Avoiding Google’s Crackdown on Misleading Ads

Jan 17, 2017

Avoiding Google’s Crackdown on Misleading Ads

In 2016, Google removed over 1.7 billion ads worldwide, the largest number the Internet giant has ever taken down in a single year. Google also banned more than 200 websites from the company’s AdSense network during a two-month period late in the year due to the growth of misleading content and the so called “fake news” phenomenon that emerged from the latest election cycle.

With Google demonstrating a renewed interest in cracking down on ads they believe violate their Adwords Terms of Conditions policy, it’s time for businesses to review their own advertising strategy, especially if you’re still using less-than-honorable methods of earning more clicks.

If you traffic in ads that promote poor quality sites, ads that attempt to exploit holes in Google’s ad policy, misleading ads, or ads that feature illegal products, Google will eventually catch you. Here’s what you can do to help ensure your business’ ads don’t find themselves in violation of Google’s policies.

Don’t Run Ads for Illegal Products

Google reported that it disabled over 68 million ads in 2016 for healthcare violations and 17 million ads for violations regarding legal gambling.

Google specifically limits the promotions of pharmaceutical drugs on their AdSense network. Their AdSense policy states that ads cannot contain content related to the online sale of prescription drugs or the sale of unapproved supplements.

As of last October, eight states have made recreational marijuana sales legal, with another 17 having approved the use of medical marijuana. However, advertising the sale of legal drug paraphernalia or marijuana itself is firmly against Google’s ad policies.

The lesson here is this: When deciding which products to market through Adwords, the legality of the product isn’t as important as whether it meets Google’s ad guidelines. You need to do your due diligence when launching any campaign on Adwords to make sure that your product meets Google’s national or global ad policies.

Google is historically slow to react, and typically operates on a macro rather than micro level when setting its ad policies. If a product or service isn’t universally accepted in markets everywhere, then there’s a chance it might not meet Google’s ad policy.

As a general rule, if your product is counterfeit, could be considered dangerous, or alcohol- or healthcare-related, there’s a very good chance you can’t market it on Adwords.

Don’t Write Misleading Ads

Google removed nearly 80 million ads the company cited as misleading or deceiving to users. Whether the ads promoted miracle weight loss drugs, unscientifically proven cures to diseases like cancer, or predatory lending practices, ads that were receiving clicks due to providing misleading information were taken down.

While Google didn’t specifically mention “fake news” in its report detailing the actions taken in 2016, these types of ads also fall under the category of misleading. Of the 200 websites removed from AdSense during the end of 2016, the majority trafficked in promoting false new reports that look legit but turned out to be fabricated to spread misinformation.

Late last year, Google was embarrassed when a fake news story purporting to report on aliens sucking energy from the sun made its way into the “Top Stories” search result.
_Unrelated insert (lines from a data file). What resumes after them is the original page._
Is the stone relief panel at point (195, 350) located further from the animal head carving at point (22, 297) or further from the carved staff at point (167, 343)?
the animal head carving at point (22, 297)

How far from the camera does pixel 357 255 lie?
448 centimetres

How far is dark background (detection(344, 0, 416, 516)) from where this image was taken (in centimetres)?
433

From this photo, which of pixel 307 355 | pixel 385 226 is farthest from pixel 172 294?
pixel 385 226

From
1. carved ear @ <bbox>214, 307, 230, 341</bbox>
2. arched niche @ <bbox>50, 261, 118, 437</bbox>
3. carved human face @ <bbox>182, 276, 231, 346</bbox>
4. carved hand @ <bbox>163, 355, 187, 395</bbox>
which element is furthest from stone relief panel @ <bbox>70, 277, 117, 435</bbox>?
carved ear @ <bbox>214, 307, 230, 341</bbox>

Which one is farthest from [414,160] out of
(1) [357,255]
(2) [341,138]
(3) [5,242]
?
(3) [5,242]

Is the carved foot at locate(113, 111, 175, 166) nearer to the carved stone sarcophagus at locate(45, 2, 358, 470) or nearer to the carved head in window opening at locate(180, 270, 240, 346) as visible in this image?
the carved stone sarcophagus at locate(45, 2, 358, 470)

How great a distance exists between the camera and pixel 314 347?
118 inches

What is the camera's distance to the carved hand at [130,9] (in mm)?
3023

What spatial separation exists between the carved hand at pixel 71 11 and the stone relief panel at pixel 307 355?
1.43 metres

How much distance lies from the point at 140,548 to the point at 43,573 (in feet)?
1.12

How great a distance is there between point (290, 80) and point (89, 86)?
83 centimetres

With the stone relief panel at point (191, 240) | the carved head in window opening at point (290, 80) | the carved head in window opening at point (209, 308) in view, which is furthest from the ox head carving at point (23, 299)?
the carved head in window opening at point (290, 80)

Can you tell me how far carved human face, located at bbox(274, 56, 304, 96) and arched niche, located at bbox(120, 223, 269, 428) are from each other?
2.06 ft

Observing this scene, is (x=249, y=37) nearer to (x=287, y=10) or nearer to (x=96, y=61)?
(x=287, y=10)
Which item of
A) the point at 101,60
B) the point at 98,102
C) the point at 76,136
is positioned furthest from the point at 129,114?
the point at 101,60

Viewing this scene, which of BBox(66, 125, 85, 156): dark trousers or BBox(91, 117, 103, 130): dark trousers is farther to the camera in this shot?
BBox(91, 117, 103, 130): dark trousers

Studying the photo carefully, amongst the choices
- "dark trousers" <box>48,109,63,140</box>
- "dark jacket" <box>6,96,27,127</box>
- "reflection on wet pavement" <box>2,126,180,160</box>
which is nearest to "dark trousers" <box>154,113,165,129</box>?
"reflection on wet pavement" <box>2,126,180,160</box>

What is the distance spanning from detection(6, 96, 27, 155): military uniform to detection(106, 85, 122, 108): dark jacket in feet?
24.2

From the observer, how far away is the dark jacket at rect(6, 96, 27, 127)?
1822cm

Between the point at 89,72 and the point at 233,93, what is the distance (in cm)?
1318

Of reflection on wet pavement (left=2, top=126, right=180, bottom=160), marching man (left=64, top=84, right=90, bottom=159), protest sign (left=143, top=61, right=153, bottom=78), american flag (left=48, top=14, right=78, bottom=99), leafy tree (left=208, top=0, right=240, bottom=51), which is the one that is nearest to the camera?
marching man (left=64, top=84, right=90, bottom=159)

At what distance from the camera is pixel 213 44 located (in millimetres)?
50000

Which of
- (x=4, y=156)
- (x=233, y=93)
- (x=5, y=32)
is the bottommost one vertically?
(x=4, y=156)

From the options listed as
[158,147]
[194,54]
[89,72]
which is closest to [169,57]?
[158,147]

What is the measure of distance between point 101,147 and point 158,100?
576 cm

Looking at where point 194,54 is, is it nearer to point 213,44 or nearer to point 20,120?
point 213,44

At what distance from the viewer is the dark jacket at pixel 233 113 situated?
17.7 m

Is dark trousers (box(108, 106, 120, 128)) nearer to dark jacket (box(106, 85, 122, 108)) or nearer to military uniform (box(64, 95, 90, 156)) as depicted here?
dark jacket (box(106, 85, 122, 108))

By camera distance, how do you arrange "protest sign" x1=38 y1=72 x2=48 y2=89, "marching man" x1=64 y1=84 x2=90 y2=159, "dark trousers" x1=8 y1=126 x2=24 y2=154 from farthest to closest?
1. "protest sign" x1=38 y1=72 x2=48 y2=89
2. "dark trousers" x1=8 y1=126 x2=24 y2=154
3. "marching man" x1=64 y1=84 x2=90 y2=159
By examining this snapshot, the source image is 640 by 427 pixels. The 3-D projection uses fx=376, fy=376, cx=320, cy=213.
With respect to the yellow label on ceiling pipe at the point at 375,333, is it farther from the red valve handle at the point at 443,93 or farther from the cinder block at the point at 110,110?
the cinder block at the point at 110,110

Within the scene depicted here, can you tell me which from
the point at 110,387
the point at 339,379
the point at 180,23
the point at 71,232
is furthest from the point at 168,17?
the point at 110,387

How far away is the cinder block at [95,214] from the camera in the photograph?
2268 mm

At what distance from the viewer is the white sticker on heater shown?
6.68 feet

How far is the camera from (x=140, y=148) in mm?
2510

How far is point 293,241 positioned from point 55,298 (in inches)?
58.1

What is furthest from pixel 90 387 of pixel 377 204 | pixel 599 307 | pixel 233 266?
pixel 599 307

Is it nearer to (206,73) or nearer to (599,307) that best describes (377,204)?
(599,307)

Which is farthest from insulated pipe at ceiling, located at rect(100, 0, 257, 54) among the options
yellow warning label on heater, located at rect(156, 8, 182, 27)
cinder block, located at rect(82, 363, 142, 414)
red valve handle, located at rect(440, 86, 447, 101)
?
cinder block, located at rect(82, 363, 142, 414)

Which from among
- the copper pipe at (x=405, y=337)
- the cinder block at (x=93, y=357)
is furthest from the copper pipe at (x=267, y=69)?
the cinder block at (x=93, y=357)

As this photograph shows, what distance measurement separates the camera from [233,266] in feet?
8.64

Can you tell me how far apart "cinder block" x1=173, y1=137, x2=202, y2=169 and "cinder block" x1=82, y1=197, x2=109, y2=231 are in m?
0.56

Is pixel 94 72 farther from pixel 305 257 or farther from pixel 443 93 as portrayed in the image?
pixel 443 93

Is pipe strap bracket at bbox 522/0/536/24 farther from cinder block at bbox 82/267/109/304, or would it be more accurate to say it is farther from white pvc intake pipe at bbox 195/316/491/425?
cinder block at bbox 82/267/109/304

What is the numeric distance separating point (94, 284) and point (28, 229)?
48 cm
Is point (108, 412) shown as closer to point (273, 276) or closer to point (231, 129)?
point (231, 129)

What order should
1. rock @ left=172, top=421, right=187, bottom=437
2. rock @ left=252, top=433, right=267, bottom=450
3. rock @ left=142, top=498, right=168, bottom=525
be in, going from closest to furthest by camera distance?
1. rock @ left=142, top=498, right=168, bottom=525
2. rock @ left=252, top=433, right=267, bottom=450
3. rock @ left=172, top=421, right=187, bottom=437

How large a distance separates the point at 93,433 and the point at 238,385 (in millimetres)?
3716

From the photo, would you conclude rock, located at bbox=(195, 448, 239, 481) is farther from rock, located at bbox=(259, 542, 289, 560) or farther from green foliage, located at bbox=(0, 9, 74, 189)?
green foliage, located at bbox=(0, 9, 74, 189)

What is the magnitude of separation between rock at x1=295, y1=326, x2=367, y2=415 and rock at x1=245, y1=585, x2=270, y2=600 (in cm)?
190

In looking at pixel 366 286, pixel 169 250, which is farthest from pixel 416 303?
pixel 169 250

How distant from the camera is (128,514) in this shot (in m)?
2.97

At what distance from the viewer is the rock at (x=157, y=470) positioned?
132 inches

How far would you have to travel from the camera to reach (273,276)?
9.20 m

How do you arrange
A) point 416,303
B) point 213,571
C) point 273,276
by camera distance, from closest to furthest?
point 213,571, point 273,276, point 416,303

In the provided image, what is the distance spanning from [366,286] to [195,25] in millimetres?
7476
With a growing sense of outrage coming from the most recent presidential election and a desire to ensure aliens never hijack their search algorithm again, Google has moved fully into hunting down and eradicating sources seeking to spread misinformation.

Google has already taken the following actions to eliminate these sites by:

  • Manually reviewing websites that make it to their “Top Stories” section.
  • Using its algorithm to demote fake news websites.
  • Removing the financial incentive for creating and spreading fake news.
  • Fact-checking stories found in Google News.
  • Funding additional fact-checking projects that seek to eradicate fake news from the web.
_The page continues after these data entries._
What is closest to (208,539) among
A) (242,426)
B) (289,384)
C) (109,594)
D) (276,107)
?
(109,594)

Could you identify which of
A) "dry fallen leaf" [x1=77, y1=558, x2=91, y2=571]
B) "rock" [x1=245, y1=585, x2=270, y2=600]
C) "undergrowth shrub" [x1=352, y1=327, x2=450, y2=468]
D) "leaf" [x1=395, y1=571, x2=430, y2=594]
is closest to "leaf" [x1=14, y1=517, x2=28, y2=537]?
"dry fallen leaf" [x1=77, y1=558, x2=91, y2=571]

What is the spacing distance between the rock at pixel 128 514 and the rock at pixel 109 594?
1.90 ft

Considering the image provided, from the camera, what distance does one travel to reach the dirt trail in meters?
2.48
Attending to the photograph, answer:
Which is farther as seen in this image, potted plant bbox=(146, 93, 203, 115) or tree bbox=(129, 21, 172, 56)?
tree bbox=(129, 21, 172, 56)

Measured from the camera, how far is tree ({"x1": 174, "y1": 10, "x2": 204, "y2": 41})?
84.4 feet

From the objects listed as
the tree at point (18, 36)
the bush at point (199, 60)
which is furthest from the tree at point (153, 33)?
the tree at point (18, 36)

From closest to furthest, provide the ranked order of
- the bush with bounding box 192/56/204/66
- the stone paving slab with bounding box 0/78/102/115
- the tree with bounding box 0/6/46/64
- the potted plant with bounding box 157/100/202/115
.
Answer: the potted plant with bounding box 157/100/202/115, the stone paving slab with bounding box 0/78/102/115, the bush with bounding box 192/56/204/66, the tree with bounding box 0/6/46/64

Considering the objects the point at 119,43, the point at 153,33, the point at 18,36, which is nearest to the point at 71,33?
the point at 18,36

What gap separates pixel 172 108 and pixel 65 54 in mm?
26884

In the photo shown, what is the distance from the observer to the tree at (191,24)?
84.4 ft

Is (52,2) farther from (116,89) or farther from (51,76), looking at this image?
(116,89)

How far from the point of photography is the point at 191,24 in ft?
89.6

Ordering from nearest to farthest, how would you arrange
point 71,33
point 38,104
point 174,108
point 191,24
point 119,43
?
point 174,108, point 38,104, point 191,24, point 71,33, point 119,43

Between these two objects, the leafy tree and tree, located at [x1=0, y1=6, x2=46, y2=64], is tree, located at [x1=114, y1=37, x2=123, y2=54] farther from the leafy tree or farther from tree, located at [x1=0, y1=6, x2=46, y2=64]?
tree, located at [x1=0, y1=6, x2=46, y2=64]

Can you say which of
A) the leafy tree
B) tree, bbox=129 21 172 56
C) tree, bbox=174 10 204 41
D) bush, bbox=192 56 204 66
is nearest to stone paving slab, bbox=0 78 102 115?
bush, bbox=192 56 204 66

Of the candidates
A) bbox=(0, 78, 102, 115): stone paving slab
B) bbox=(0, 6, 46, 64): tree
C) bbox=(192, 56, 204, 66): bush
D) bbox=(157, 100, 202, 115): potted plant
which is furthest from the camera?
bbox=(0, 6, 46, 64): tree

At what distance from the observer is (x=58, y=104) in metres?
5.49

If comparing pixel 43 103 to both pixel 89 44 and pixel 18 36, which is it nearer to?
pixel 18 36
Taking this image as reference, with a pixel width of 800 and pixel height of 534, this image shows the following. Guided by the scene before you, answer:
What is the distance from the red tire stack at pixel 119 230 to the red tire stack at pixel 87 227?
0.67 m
Ultimately, you’re better served being honest about your products of services. If you feel the need to mislead or exaggerate your product to gain clicks, you’re probably promoting a poor product to begin with.

Don’t Try to Work the System to Your Advantage

Google pulled over 7 million ads last year for trying to work the system. This category includes ads that directly violated Google’s ad policies, but were created anyway in hopes that Google wouldn’t catch them.
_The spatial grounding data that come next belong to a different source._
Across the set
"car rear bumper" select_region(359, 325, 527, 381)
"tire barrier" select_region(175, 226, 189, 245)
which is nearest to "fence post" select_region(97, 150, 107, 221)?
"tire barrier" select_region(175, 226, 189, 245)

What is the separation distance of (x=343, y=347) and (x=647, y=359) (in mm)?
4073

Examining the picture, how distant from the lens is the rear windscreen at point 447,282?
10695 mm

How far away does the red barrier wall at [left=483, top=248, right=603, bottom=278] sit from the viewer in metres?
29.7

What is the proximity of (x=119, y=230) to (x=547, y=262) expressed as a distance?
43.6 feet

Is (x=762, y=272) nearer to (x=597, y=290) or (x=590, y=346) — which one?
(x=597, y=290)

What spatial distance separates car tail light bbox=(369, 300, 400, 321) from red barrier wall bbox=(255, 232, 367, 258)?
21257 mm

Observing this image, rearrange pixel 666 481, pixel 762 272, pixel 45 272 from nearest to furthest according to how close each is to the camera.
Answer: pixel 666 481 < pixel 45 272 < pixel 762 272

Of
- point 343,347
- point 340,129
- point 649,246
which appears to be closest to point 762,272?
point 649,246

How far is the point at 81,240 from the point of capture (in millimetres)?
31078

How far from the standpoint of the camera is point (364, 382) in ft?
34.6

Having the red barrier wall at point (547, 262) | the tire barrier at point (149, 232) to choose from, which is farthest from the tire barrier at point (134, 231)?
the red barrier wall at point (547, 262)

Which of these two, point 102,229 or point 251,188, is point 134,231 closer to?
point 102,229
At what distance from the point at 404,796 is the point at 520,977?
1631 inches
Google first observed the trend of “tabloid cloaking” in 2016 – a term that refers to ads created to look like actual news stories but would take readers to a site selling a product – like a weight-loss supplement – when clicked on. Businesses that engage in tabloid cloaking leverage relevant news stories to drive traffic to their sites by any means necessary.

This practice of casting the largest net possible to capture clicks resulted in the suspension of nearly 1,300 accounts.

The majority of advertisers use content to promote their business and products. That’s why it’s more important now than ever to make sure your ad copy matches the content found on your website. Relevance is vital for not only meeting the demands of Google, but ensuring you honestly receive a high click-through rate.

Don’t Break Google’s Rules

Google has drawn a line that means taking action not only against specific ads, but outright banning websites that repeatedly break the rules.

Last year, Google banned 47,000 websites linked to weight-loss scams, 15,000 sites for spreading malware, and 6,000 sites for selling counterfeit goods. Misleading or fake product websites have also been met with a Google ban.

While Google isn’t in the business of preventing companies and websites from making money, it has shown a willingness to defend the integrity of its search results by removing ads and terminating accounts that break with established policies and procedures.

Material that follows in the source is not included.